Georgia offers a striking example of successful tax revenue reform. Following the collapse of the Soviet Union, the government struggled to collect tax revenue. By 2003, rampant corruption involving tax evasion, illegal tax credits, and theft of government tax revenue had left public finances in shambles. The government was no longer able to honor its obligations to public servants and pensioners, even though salaries and pensions were very low.

Georgia’s sweeping tax reform was made possible after the 2003 Rose Revolution, which gave the new government a mandate to reform the economy and fight widespread corruption. The country’s new leaders adopted a policy of zero tolerance for corruption, and the culture began to change, along with the laws. A revised tax code, passed in 2004, simplified the tax system, reduced rates, and eliminated a series of minor local taxes that had been generating little revenue (on pollution and gambling, for example). Only 7 of 21 taxes remained, and many of the rates were reduced.

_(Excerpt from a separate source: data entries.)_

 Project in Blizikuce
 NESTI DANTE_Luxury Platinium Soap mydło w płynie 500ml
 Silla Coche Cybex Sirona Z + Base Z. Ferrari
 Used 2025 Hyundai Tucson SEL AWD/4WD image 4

Have a clear mandate. Governments with a clear mandate to reform the tax system often succeed. Georgia’s comprehensive tax reform was feasible only after the country had reached a high degree of dysfunction, triggering a revolution. Similarly, in Ukraine, the 2004 Orange Revolution was a catalyst for tax reform. And in 2003, Liberia initiated reform after the civil war had ended.

Secure high-level political commitment and buy-in from all stakeholders. While a clear mandate is necessary, it is not sufficient. Many newly

elected governments do have such a mandate, but not all of them reform. Therefore, political commitment at the highest level and broad buy-in are needed. Social dialogue enhances the likelihood of reforms being implemented and sustained. Effective communication with stakeholders that emphasizes the intended benefits of reforms can help overcome resistance of vested interests. And compensating the losers has proved effective in winning public support for tax reform initiatives.

 

Reducing exemptions figured prominently in nearly all five countries. Guyana, for example, implemented a comprehensive exemption reform with main elements that included eliminating the power of the finance minister to grant discretionary exemptions, publishing exemptions annually, and limiting income tax holidays to every 5 or 10 years, depending on the sector.

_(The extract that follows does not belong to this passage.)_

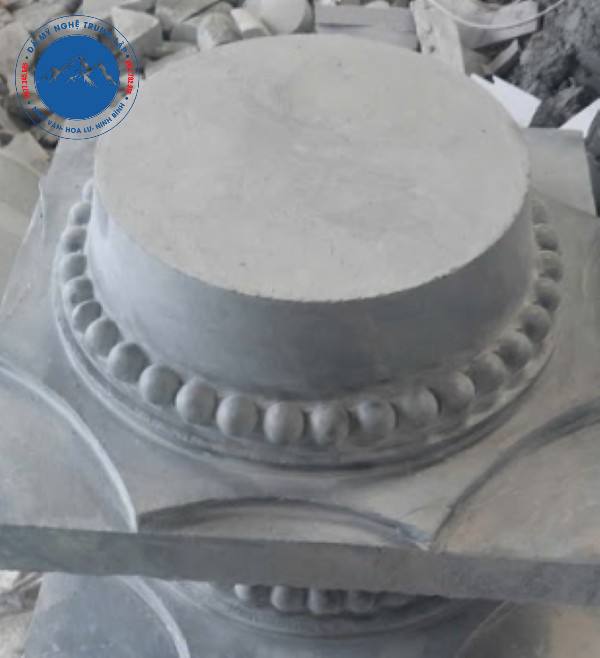 Cung cấp tảng đá kê cột đình làng tại Duy Tiên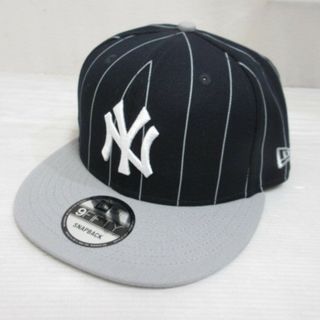 ニューエラー(NEW ERA)のニューエラ NEW ERA 9FIFTY ニューヨークヤンキース キャップ 帽子(キャップ)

Guyana successfully introduced a VAT on January 1, 2007, despite significant challenges in the preparatory work, including setting up the new VAT department with fully trained staff, putting in place the supporting IT system and procedures, and training potential registrants and practitioners. The VAT was broad-based, with a single rate of 16 percent and a limited number of exemptions for financial, medical, and educational services. As part of its reform, Ukraine also curbed VAT exemptions and revised the regime for agriculture by reducing the rate and eliminating refunds.

Increases in excise and sales taxes are the simplest measures because they can raise revenue fairly quickly without fundamental changes to the tax system. For example, Guyana in 2015 took advantage of the decline in the international price of oil to raise fuel excise taxes. This step buoyed revenue during the country’s economic slowdown. Similarly, Liberia broadened the scope of its goods and services tax while raising excise taxes on alcoholic beverages and cigarettes.